Selon un témoin, l'attaque a été préméditée.
(RSF/IFEX) – Reporters sans frontières exprime son effroi et sa révolte suite à la sauvage agression dont a été victime Oleg Kashin, célèbre journaliste du quotidien « Kommersant », près de son domicile à Moscou dans la nuit du vendredi 5 au samedi 6 novembre 2010. Oleg Kashin, qui souffre de multiples fractures, à la mâchoire et aux jambes, d’une commotion cérébrale et d’un détachement des phalanges, a dû subir une intervention chirurgicale d’urgence. Il a été placé dans un coma artificiel.
« Le président Medvedev semble prendre l’affaire au sérieux en déclarant que ‘les criminels [devaient] être retrouvés et punis’. Nous le prenons au mot. Nous enjoignons les autorités à mettre en place les conditions nécessaires pour que la justice fasse son travail, en toute indépendance, et apporte des résultats, a déclaré Jean-François Julliard, secrétaire général de Reporters sans frontières. La culture de l’impunité a trop longtemps prévalu. Depuis le début des années 2000, jamais aucune violence contre des journalistes n’a été élucidée. Il y a un mois, nous commémorions la mémoire d’Anna Politkovskaïa, faisant le triste constat que l’enquête sur son meurtre n’avait amené à rien. Nous attendons que la déclaration faite par le président se transforme en action. Nous attendons les signes d’une vraie volonté politique pour instaurer le respect et la défense de la presse indépendante. Cela doit commencer par amener devant les tribunaux les responsables de violences contre la presse. Cela doit commencer par la mise en place de l’Etat de droit. Oleg Kashin est certainement un des plus brillants et des plus courageux journalistes de sa génération. Toutes nos pensées vont à lui et à sa famille. »
Selon un témoin, l’attaque a été préméditée. Deux personnes attendaient le journaliste à la porte de sa maison et ont commencé à le battre avec un objet contondant, sans rien prendre de ses biens – de l’argent, des documents et un iPhone. Une procédure pénale pour tentative de meurtre a été ouverte par le parquet de Moscou, sous contrôle judiciaire du ministre de l’Intérieur, Rachid Nourgaliev.
Selon le rédacteur en chef de « Kommersant », Mikhaïl Mikhailin, cette agression est, sans aucun doute possible, liée aux activités professionnelles du journaliste. Le porte-parole de la commission d’enquête, Vladimir Markin, a confirmé que cette piste était prioritaire.
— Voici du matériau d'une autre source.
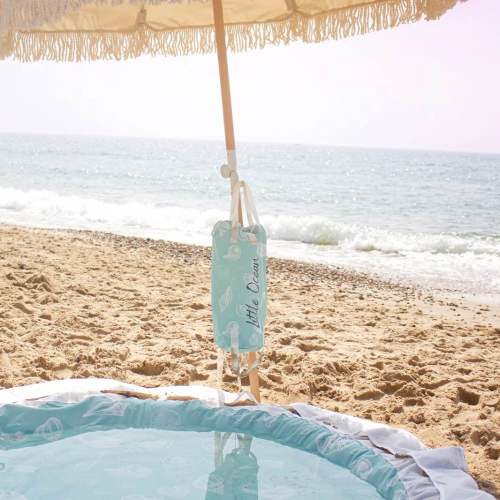 Beach Pool - Add 3.5 swim noodles to the sand pockets to create a garden pool.
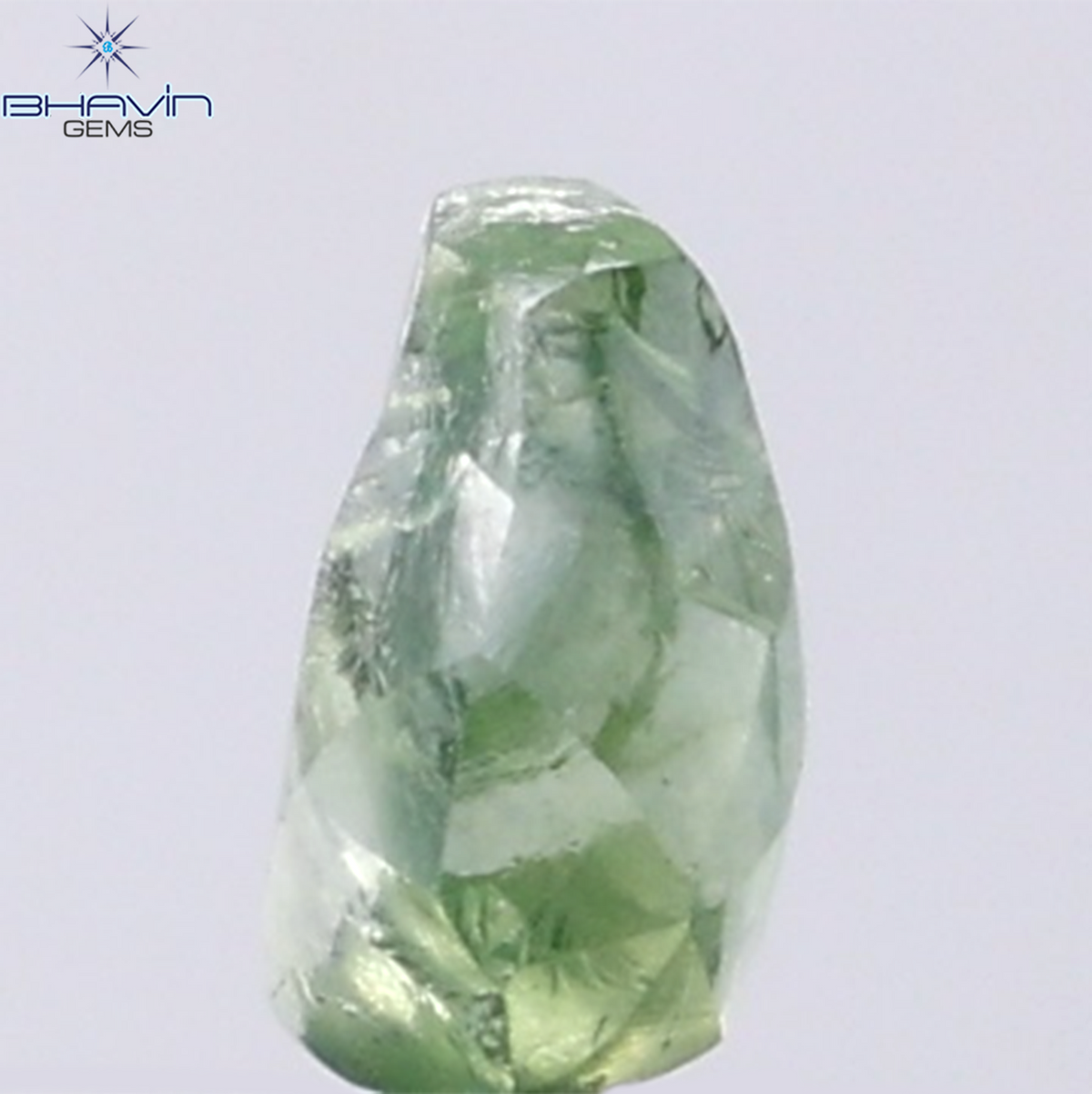 0.49 CT ラフシェイプ ナチュラル ダイヤモンド ピンク色 I3 クラリティ (4.90 MM)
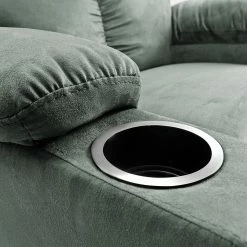 Modoform Fauteuil de relaxation Norvell - Microfibre - gris - Gris -loftscape Boutique relaxsessel norvell microfaser dunkelgruen 4874232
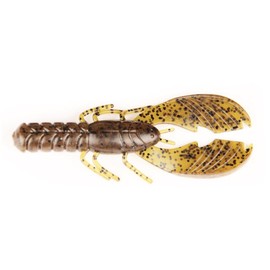 X-Zone Lures 10310 Muscle Back Craw, Green Pumpkin Black Flake 4" Muscle Back Craw, Green Pumpkin Black Flake, 4"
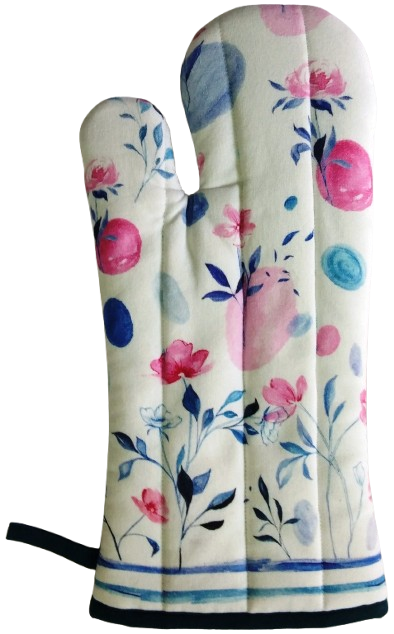 Floral Oven Mitt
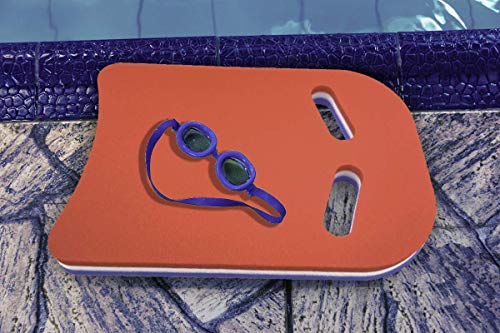 STRPRETTY BASIC MUSB Safty Swimming Training Aid Kickboard - U Design Swim Pool Float Floating Buoy Hand Board (17\"x12\") Red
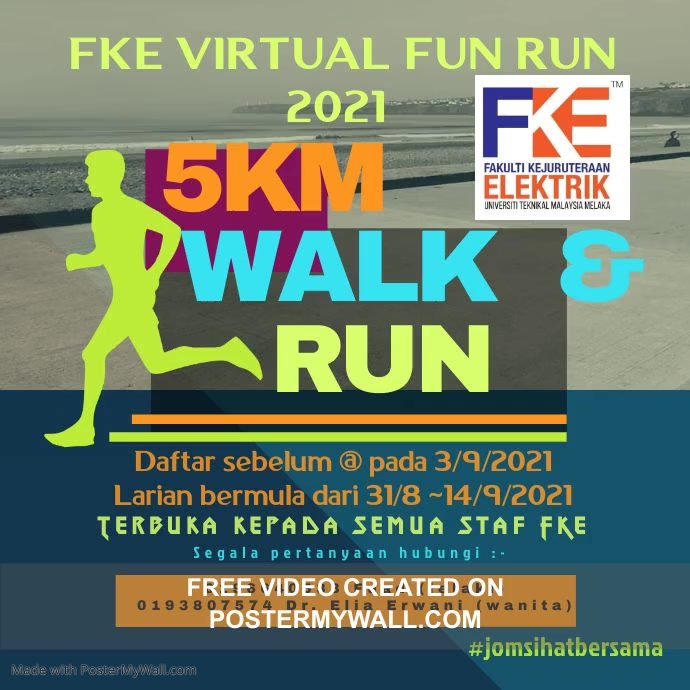 Copy of Copy of 5K Run & Walk Instagram Post | PosterMyWall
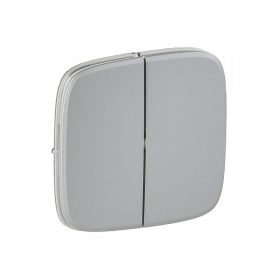   Legrand 755027 - Valena Allure Kettős kapcsoló burkolat, Alumínium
Oleg Kashin, l’un des journalistes les plus influents de « Kommersant », a écrit de nombreux articles sur la vie politique et sociale de son pays. Il s’est particulièrement intéressé aux mouvements d’opposition, comme Oborona et NBP, et aux mouvements de jeunes pro-Kremlin (Nashi, Molodaya Gvardia). Il avait récemment couvert la polémique autour de la forêt de Khimki et le bras de fer engagé entre les autorités soutenant le projet et les mouvements de défense de l’environnement. En milieu de semaine, un militant pour la protection de la forêt avait été attaqué à coups de battes de baseball à Khimki même.
Oleg Kashin a récemment été menacé par le mouvement pro-Kremlin de jeunesse, Molodaya Gvardia, qui sur son site Internet, a appelé à « punir » le reporter pour son interview de l’un des jeunes hommes impliqués dans le saccage de l’administration de la ville de Khimki. Aujourd’hui, le mouvement affirme son soutien au journaliste.
En 2008, Mikhaïl Beketov, rédacteur en chef du journal « Khimkinskaïa Pravda », lui aussi un des pourfendeurs de la corruption, et notamment des irrégularités qui entachent le projet d’autoroute de la forêt de Khimki, avait été attaqué dans des circonstances similaires. Il a perdu une jambe, l’usage des ses mains et souffre de troubles neurologiques irréversibles.
La Russie se trouve à la 140e place (sur 178 pays) du classement mondial de Reporters sans frontières sur la liberté de la presse en 2010.